Research News

Reverse-engineering the fireworks of life

Biologists reverse-engineer the microtubules that make up cell walls and spindles

Imagine standing in a lumberyard and being asked to build a house -- without blueprints or instructions of any kind. The materials are all in front of you, but that doesn't mean you have the first idea how to get from point A to point B.

That was the situation facing Princeton University biologists who are building microtubules, the skeletons of cells, from scratch.

Microtubules are the bricks and mortar of a cell, used to build cell walls and the spindles of mitosis and meiosis -- without them, even single-celled organisms couldn't reproduce.

Molecular biologist Sabine Petry and other researchers have dazzled the biological world with videos of what they call "the fireworks of life," which show the branching and growth of these microscopic structures.

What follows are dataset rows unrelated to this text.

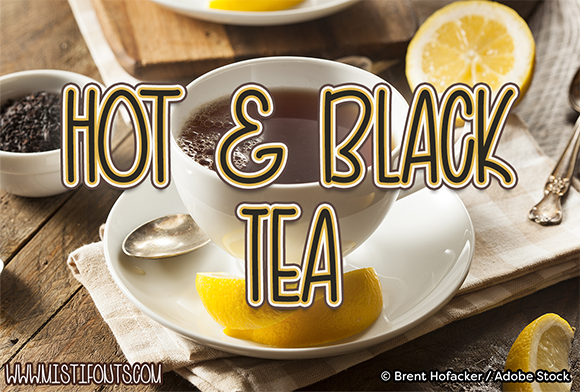 Hot and Black Tea: A Handwritten Font for Campaign Design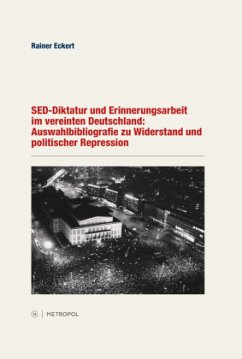 SED-Diktatur und Erinnerungsarbeit im vereinten Deutschland - Eckert, Rainer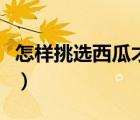 怎样挑选西瓜才是最好的（如何挑选西瓜图解）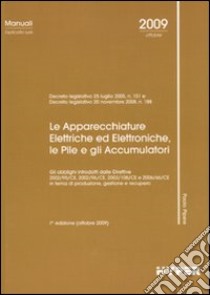 Le apparecchiature elettriche ed elettroniche, le pile e gli accumulatori libro di Pipere Paolo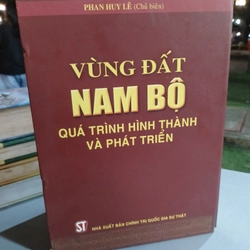 VÙNG ĐẤT NAM BỘ QUÁ TRÌNH HÌNH THÀNH VÀ PHÁT TRIỂN (TẬP 1,2)  - PHAN HUY LÊ 498012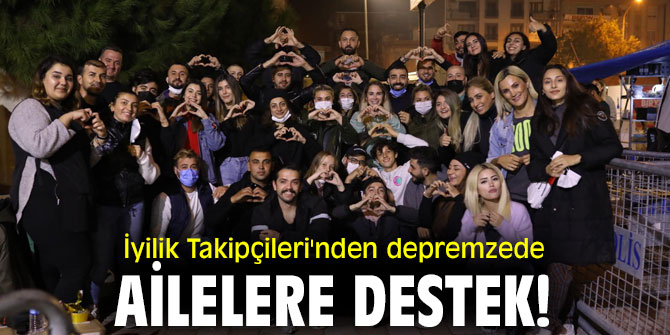 İyilik Takipçileri'nden depremzede ailelere destek!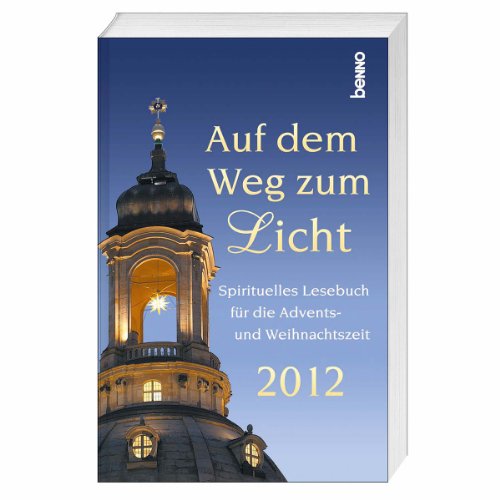 Beispielbild fr Auf dem Weg zum Licht 2012: Spirituelles Lesebuch fr die Advents- und Weihnachtszeit zum Verkauf von medimops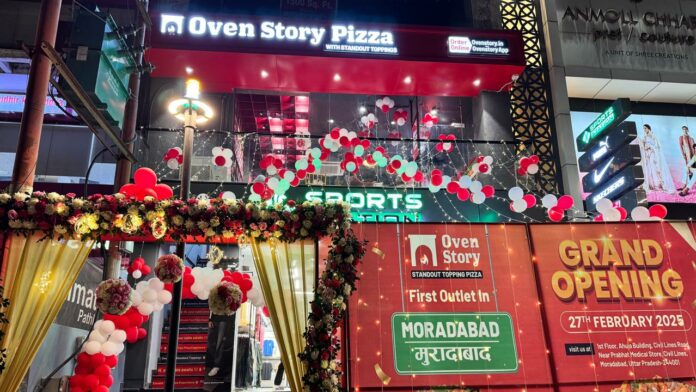 Oven Story Pizza launches third Offline Store in Moradabad, Uttar Pradesh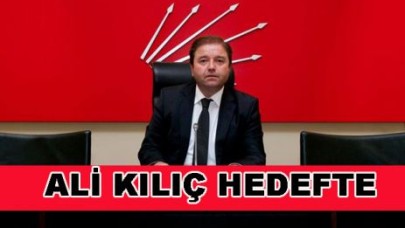 ALİ KILIÇ HEDEFTE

Traveling the path back to the source was another challenge. "From making fireworks to getting to the recipe of how fireworks are made?” asked Petry. "We had imagined and brainstormed about it for five years." In that time, the Princeton team painstakingly determined the fireworks' components, one protein at a time, and graduate student Akanksha Thawani came up with a model for the sequence.

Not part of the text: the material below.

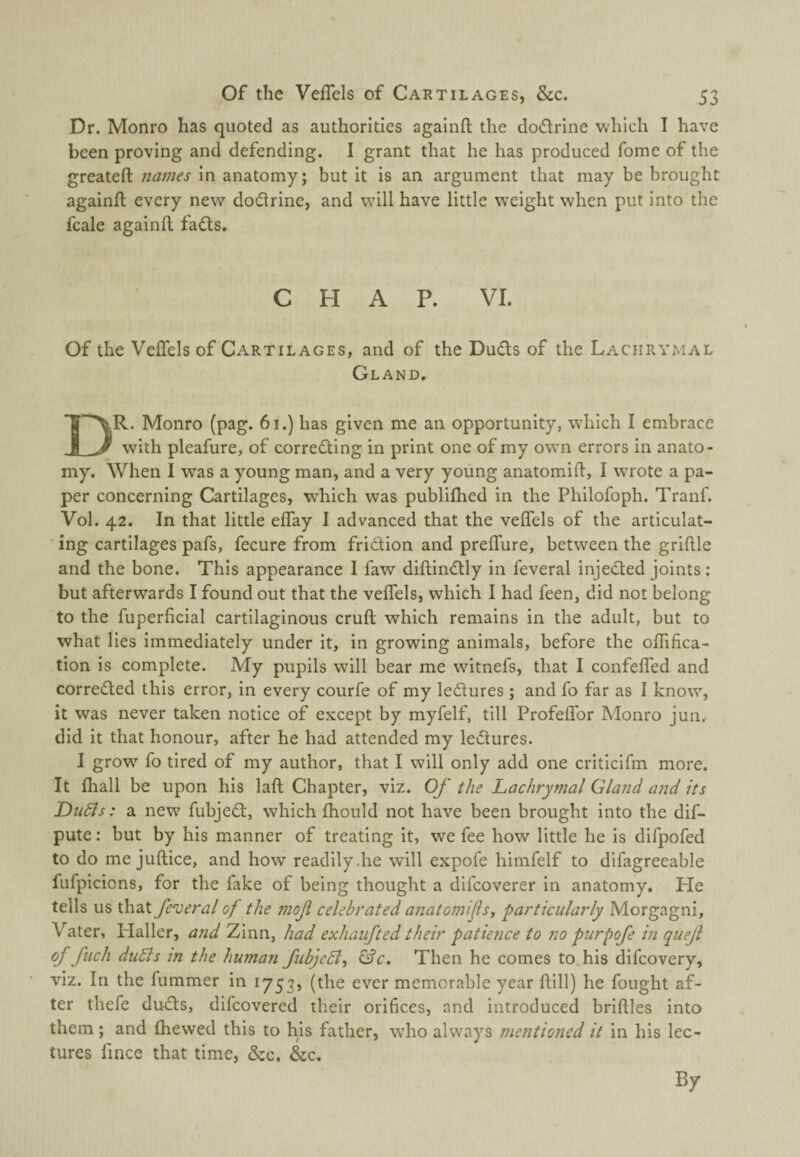 Dr. Monro has quoted as authorities againft the dodriiie which I have been proving and defending. I grant that he has produced fome of the greateft names in anatomy; but it is an argument that may be brought againft every new dotftrine, and will have little weight when put into the fcale againft fads. CHAP. VI. Of the Veflels of Cartilages, and of the Duds of the Lachrymal Gland. Dr. Monro (pag. 61.) has given me an opportunity, w'hich I embrace with pleafure, of correding in print one of my own errors in anato¬ my. When I was a young man, and a very young anatomift, I wrote a pa¬ per concerning Cartilages, w'hich was publiftied in the Philofoph. Tranf. Vol. 42. In that little eflay I advanced that the veflels of the articulat¬ ing cartilages pafs, fecure from fridion and prelTure, between the griftle and the bone. This appearance I faw diftindly in feveral injeded joints; but afterwards I found out that the velTels, which I had feen, did not belong to the fuperficial cartilaginous cruft which remains in the adult, but to what lies immediately under it, in growing animals, before the oflTifica- tion is complete. My pupils will bear me wutnefs, that I confefTed and correded this error, in every courfe of my ledures; and fo far as I know, it was never taken notice of except by myfelf, till ProfelTor Monro jun. did it that honour, after he had attended my ledures. I grow fo tired of my author, that I will only add one criticlfm more. It ftiall be upon his laft Chapter, viz. Of the Lachrymal GlaJid and its Dudls: a new fubjed, which fhould not have been brought into the dif- pute; but by his manner of treating it, we fee how little he is difpofed to do me juftice, and how readily .he will expofe himfelf to difagreeable fufpicions, for the fake of being thought a difcoverer in anatomy. He tells us that feveral of the mof celebrated anatomifs, particularly Morgagni, Vater, ITaller, and Zinn, had exhaufted their patience to no purpofe in quejl of fiich duSls in the human fubjeSl^ &c. Then he comes to.his difcovery, viz. In the fummer in 1753, (the ever memorable year ftill) he fought af¬ ter thefe duds, difcovered their orifices, and introduced briftles into them; and (hewed this to his father, who always mentioned it in his lec¬ tures fince that time, &c. &c.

The results appear in the journal eLife.

For a decade, researchers have known that the branching, caused as microtubules grow from each other, was key to assembling spindles and making connections between the cell components. But until now, no one knew exactly how microtubules branched off each other.

"The missing piece has been this microtubule branching -- that microtubules don't grow just linearly, but actually branch, and they can branch again and again, creating those fireworks," Petry said.

The research is funded by NSF’s Division of Physics.